Following Albert Finney in the 1994 film and Roger Rees in the 2002 Lincoln Center production, 49 year-old Jim Parsons (perhaps not the young man you’re accustomed to from television, but also not as old as his predecessors) plays closeted Dublin bus ticket collector, Alfie Byrne. It’s 1964. Middle-aged Byrne still lives with his older, unmarried, conservative sister Lily (theater treasure Mare Winningham). She’s devoted, but impatiently hoping to marry butcher Mr. Carney (Thom Sesma) when no longer responsible for Alfie. Lily and Carney put her brother’s strange, solitary behavior down to too many books – with a gem of a duet performed by actors with pitch perfect comic timing.

Well read beyond circumstances, Alfie is a repressed virgin whose raison d’être is the St. Imelda’s Players, an amateur theater group he helms with pretensions to “art.” Productions (the last was Oscar Wilde’s The Importance of Being Earnest) might be haphazard, but his neighbors love the spotlight (each introducing him/herself to us with notable credits) while he derives satisfaction from exercising taste and basks in respect.

They are: Margaret Grace (the always welcome Mary Beth Peil), best remembered for her Saint Joan; stage manager James Michael “Baldie” O’Shay (William Youmans whose “The Cuddles Mary Gave” is utterly lovely); Ex-Peter Pan, Miss Oona Crowe (Alma Cuervo, who clearly knows her character); Mrs.

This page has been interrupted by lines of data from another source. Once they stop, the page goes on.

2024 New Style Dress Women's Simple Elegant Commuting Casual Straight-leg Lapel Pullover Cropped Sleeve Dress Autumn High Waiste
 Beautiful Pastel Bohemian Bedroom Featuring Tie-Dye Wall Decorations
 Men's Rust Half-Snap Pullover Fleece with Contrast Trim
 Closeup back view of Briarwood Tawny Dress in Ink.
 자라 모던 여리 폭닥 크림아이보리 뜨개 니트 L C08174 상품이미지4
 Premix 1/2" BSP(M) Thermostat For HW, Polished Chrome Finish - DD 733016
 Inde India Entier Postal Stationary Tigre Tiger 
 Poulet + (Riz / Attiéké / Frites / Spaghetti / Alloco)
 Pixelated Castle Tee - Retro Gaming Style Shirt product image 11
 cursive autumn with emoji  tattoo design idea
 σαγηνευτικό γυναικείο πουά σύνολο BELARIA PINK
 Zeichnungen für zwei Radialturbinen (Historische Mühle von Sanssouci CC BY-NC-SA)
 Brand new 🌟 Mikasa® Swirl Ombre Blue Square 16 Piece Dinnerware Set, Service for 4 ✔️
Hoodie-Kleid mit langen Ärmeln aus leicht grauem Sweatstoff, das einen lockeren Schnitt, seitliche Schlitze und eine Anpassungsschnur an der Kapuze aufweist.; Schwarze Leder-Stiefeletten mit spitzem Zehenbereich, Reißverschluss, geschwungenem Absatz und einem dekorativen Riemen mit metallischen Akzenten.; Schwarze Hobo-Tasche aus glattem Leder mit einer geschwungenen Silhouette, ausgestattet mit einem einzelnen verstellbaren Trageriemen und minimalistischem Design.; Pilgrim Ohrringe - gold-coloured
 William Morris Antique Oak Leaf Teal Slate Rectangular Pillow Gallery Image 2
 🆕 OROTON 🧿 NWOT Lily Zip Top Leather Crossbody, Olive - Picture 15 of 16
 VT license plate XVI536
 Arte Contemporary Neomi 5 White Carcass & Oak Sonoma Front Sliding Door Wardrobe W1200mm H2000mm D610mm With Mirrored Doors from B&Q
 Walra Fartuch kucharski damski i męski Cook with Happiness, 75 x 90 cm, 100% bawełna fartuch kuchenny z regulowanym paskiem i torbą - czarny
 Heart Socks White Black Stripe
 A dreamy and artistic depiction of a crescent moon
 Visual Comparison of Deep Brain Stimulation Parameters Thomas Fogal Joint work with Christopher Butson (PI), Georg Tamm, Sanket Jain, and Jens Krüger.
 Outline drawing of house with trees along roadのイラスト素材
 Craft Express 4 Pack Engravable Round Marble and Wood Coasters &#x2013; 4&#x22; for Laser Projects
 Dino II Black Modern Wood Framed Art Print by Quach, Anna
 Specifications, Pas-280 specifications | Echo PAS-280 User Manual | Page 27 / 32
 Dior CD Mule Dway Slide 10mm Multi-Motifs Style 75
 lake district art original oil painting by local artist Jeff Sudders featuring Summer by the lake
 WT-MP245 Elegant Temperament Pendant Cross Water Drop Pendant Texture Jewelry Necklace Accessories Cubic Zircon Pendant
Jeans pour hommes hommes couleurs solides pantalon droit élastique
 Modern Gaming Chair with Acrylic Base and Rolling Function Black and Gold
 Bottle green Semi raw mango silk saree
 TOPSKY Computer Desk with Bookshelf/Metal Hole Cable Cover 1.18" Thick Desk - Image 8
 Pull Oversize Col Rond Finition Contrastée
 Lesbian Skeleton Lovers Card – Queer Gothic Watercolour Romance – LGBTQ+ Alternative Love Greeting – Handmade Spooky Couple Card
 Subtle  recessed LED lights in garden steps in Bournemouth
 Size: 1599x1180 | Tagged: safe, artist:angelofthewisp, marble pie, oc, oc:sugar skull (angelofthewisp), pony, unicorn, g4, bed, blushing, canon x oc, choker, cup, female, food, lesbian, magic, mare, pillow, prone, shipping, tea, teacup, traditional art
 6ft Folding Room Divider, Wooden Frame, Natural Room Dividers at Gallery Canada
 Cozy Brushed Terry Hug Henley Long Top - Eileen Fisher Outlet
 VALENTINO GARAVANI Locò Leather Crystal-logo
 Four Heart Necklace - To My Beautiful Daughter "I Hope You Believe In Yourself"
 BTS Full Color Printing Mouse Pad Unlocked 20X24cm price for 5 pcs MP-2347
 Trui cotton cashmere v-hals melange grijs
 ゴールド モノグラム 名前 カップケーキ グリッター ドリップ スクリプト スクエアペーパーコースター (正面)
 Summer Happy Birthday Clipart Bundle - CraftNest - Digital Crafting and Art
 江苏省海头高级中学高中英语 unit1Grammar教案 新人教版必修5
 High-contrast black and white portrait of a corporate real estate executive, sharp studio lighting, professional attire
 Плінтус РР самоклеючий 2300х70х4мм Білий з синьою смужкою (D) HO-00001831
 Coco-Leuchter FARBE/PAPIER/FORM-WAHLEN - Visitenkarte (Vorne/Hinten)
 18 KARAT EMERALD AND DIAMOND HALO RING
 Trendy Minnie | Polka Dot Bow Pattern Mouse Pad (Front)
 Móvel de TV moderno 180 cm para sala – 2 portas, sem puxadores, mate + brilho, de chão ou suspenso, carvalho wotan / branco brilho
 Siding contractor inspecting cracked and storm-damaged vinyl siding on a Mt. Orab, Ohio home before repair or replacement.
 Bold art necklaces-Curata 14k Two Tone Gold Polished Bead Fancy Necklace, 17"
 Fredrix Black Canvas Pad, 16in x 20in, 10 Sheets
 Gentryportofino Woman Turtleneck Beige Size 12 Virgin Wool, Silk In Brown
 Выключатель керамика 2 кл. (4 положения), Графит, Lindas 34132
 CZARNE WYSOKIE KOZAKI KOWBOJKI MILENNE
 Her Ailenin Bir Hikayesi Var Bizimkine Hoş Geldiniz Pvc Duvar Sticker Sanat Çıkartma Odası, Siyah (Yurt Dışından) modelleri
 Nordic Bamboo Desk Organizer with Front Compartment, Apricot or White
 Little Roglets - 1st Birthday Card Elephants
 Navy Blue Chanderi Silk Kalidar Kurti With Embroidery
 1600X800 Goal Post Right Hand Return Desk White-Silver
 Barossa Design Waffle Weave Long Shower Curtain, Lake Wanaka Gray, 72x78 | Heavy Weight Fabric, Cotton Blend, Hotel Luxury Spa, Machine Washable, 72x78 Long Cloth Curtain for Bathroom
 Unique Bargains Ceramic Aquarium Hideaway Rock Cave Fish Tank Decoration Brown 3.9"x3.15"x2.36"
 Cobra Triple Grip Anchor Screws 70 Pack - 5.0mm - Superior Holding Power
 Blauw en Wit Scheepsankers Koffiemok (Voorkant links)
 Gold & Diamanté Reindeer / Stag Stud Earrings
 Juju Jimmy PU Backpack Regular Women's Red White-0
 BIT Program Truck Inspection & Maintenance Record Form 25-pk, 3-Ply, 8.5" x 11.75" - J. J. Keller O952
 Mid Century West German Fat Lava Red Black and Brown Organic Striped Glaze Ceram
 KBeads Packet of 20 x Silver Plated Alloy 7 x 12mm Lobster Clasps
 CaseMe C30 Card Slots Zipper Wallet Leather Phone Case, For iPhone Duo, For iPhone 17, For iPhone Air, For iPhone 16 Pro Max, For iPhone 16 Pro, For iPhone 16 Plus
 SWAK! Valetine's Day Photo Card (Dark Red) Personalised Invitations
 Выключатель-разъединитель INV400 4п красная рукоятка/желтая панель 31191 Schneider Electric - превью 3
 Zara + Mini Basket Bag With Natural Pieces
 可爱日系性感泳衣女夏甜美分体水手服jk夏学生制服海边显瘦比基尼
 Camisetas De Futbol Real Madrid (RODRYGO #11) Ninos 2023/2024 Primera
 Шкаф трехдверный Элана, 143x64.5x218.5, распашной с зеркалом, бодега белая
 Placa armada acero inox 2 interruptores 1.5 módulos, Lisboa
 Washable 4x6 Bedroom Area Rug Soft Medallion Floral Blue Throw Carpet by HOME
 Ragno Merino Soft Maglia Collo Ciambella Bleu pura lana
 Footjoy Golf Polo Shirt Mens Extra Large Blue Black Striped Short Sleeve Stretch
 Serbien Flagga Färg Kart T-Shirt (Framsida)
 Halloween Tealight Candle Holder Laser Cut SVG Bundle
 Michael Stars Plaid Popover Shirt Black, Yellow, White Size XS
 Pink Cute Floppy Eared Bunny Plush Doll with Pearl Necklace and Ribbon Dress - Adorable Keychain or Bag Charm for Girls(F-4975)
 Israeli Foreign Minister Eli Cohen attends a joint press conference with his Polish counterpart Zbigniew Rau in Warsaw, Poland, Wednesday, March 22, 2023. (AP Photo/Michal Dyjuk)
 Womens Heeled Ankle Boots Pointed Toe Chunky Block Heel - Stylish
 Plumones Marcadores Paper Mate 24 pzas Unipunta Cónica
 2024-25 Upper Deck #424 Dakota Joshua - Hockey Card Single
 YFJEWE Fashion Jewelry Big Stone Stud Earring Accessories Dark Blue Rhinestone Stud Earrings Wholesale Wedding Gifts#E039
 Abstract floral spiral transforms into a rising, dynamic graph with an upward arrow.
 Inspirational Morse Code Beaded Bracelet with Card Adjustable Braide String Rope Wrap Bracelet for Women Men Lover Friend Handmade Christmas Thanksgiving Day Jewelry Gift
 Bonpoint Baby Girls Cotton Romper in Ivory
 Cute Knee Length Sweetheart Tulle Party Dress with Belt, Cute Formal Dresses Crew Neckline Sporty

Curtain (Kara Mikula); Mrs. Patrick (Jessica Tyler Wright); and Ernie Lally (Joel Waggoner).

A.J. Shively (Robbie) and Jim Parsons (Alfie)

Alfie reads poetry to his regular commuters every morning in part airing covert feelings for young, handsome driver, Robbie Fay (a terrific A.J.Shively, for whom the role seems tailor made). The protagonist imagines Robbie as his Bosie (the young man who drove Oscar Wilde to be outed). Robbie considers his co-worker a mate and keeps trying to get him to come to to pub and loosen up. On the occasion he does, the older man is recognized as gay and approached by Breton Beret (D’a Von T. Moody). He bolts.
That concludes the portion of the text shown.